Your answer must be the exact lines below, starting with the line with "Chemical space is" and going on through the line with "Good morning everyone. My", both included, with no pictures.

☆ ☆ ☆ ☆

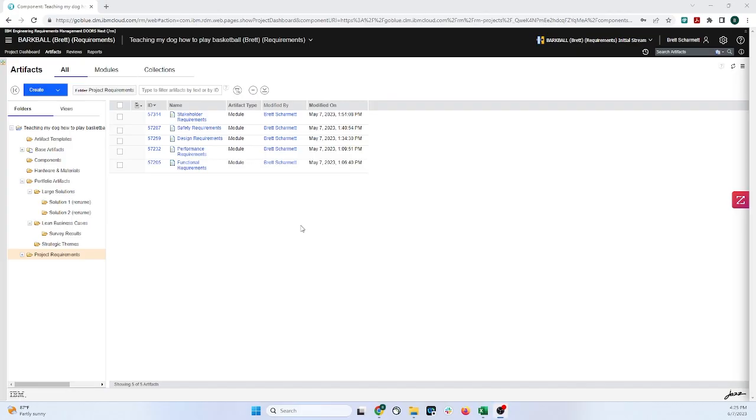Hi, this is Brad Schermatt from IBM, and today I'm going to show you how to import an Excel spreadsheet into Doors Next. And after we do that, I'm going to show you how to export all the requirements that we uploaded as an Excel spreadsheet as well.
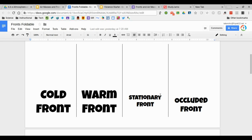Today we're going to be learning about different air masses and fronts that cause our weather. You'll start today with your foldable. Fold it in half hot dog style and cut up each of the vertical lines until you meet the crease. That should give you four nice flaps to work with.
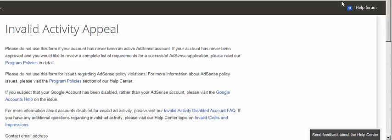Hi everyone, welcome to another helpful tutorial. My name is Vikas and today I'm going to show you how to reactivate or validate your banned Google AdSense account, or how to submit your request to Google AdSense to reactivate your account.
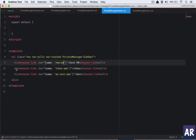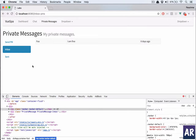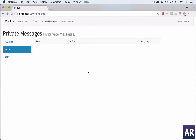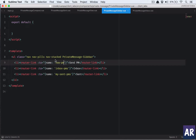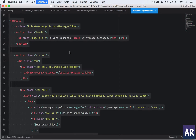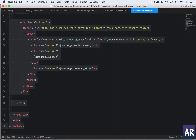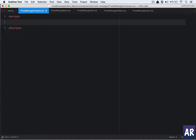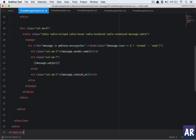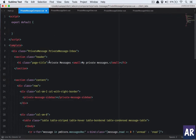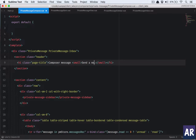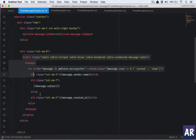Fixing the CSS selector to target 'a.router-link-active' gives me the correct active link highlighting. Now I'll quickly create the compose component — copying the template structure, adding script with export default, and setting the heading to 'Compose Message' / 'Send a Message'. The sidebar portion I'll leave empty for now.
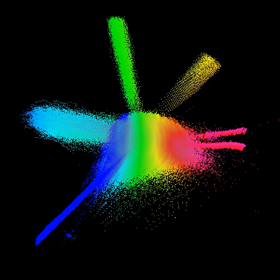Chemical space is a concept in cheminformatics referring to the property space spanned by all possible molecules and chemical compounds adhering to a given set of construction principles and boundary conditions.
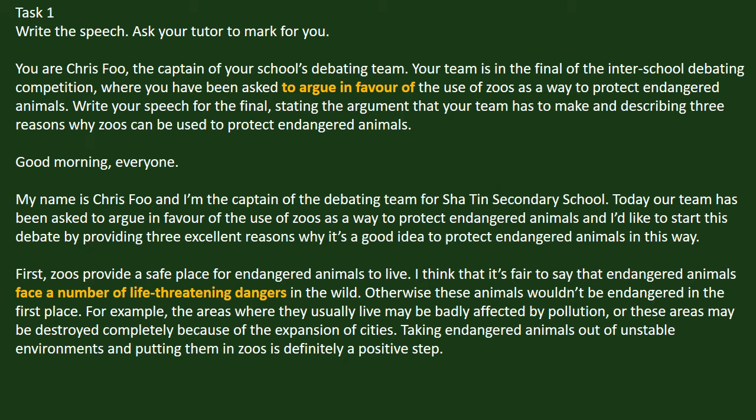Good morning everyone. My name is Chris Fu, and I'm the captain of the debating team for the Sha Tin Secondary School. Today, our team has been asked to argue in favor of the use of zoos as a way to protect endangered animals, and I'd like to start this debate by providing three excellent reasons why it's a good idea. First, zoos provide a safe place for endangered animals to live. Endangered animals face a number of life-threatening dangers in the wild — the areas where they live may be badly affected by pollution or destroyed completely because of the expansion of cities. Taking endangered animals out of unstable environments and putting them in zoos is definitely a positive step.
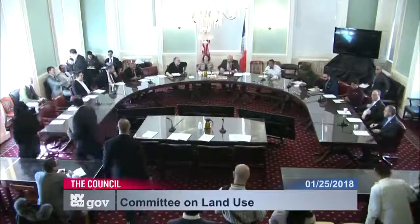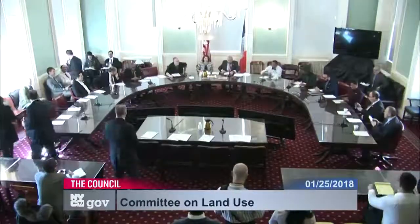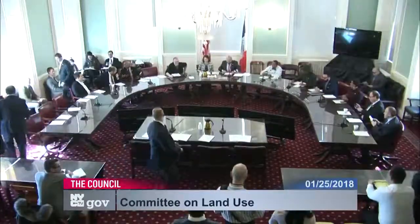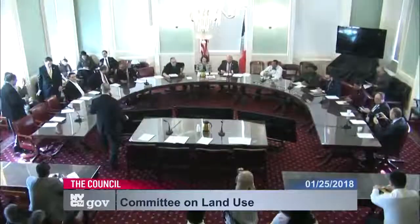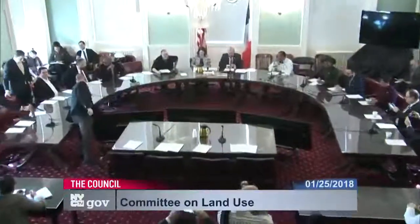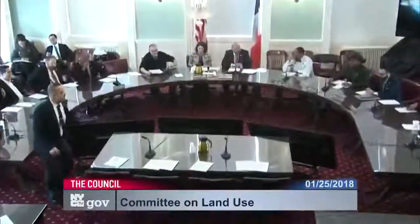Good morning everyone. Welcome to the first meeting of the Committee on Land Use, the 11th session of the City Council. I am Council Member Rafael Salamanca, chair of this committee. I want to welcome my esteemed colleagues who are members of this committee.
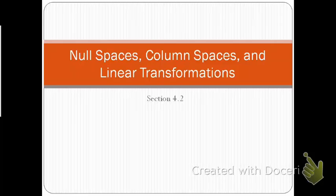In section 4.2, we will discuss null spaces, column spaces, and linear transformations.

☆ ☆ ☆ ☆

**Finished exercise**
Chemical space is a concept in cheminformatics referring to the property space spanned by all possible molecules and chemical compounds adhering to a given set of construction principles and boundary conditions.
Good morning everyone. My name is Chris Fu, and I'm the captain of the debating team for the Sha Tin Secondary School. Today, our team has been asked to argue in favor of the use of zoos as a way to protect endangered animals, and I'd like to start this debate by providing three excellent reasons why it's a good idea. First, zoos provide a safe place for endangered animals to live. Endangered animals face a number of life-threatening dangers in the wild — the areas where they live may be badly affected by pollution or destroyed completely because of the expansion of cities. Taking endangered animals out of unstable environments and putting them in zoos is definitely a positive step.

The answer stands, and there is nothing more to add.